Project-Based Learning

All Student-Centered Computing curricula use strategies common in Project-Based Learning (PBL) that serve to promote higher order thinking and deep learning, encourage students to collaborate and reflect, and highlight and value students’ prior knowledge. These strategies are:


Students work in teams throughout the SCC curriculum, first in pairs, and later combining into larger shared-interest groups as they plan and build their digital products. During the programming units, students also engage in pair programming.

A Personally Authentic Problem or Question, Promoting Student Voice & Choice

Central to the design of all Student-Centered Computing courses is students’ choice of the focal problem that will guide their work through the whole year. Students spend several weeks at the beginning of the year identifying multiple problems that they find personally authentic and interesting, and engaging in team exercises to help them narrow their choice to a problem with enough depth to engage them for the whole year. The curriculum is deliberately structured to help students eliminate the more superficial problems and to allow them to select the top 8-10 problems so they can continue working on them for the remainder of the year, without curtailing students’ personal motivations and interest.

Professional Authenticity

Students in Student-Centered Computing take on different professional roles, practice presenting to peers, develop a portfolio of their computer science skills, and create a professional resume. Many of these activities were designed to counter stereotype threat and encourage students to envision themselves in the role of a professional computer scientist.

Sustained Inquiry

All of the students’ work in Student-Centered Computing revolves around their focal problem. They pose questions, find online resources, conduct interviews with stakeholders, analyze previous solutions, and create digital artifacts. Throughout the course they develop Need-to Know lists that help inform their sustained work.
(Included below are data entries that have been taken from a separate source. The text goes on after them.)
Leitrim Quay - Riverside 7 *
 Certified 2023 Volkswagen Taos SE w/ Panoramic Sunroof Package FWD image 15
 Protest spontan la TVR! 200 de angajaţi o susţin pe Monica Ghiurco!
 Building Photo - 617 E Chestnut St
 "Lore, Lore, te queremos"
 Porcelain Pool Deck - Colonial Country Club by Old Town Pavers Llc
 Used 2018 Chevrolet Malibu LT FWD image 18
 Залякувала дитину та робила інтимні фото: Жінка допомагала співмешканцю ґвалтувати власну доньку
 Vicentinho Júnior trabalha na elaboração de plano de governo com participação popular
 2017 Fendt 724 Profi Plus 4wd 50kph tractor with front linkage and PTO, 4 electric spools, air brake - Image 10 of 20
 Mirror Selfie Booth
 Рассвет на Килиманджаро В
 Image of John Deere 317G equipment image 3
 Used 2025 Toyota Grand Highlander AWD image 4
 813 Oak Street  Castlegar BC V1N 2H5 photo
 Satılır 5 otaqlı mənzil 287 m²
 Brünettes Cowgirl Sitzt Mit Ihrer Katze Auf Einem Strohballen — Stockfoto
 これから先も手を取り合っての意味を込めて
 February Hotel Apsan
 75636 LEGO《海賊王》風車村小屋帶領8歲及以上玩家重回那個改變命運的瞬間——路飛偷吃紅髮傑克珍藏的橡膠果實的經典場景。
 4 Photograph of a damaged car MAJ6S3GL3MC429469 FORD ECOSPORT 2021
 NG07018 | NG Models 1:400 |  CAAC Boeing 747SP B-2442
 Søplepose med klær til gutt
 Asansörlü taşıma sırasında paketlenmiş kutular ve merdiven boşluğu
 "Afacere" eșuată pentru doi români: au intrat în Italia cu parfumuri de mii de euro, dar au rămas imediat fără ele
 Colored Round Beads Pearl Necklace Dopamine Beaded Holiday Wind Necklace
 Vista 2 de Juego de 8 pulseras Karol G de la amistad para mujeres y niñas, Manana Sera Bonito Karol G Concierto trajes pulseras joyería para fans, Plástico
Critique, Revision, Reflection and Class Discussions

Students regularly review each other’s work, providing feedback that their classmates use to iteratively modify their digital products and artifacts. They also actively and routinely reflect on the process and their learning gains as they develop their personal portfolio and resume. The Student-Centered Computing curriculum also regularly directs the teacher to engage the students in group and class discussions.

Public Product, Communication

Each unit culminates with a showcase in which students share their products publicly to an appropriate and authentic audience. For websites, this may include people outside of the classroom, whereas for their musical and game creations the audience may be classmates. In each case students practice their communication skills, as well as their skills giving and accepting feedback.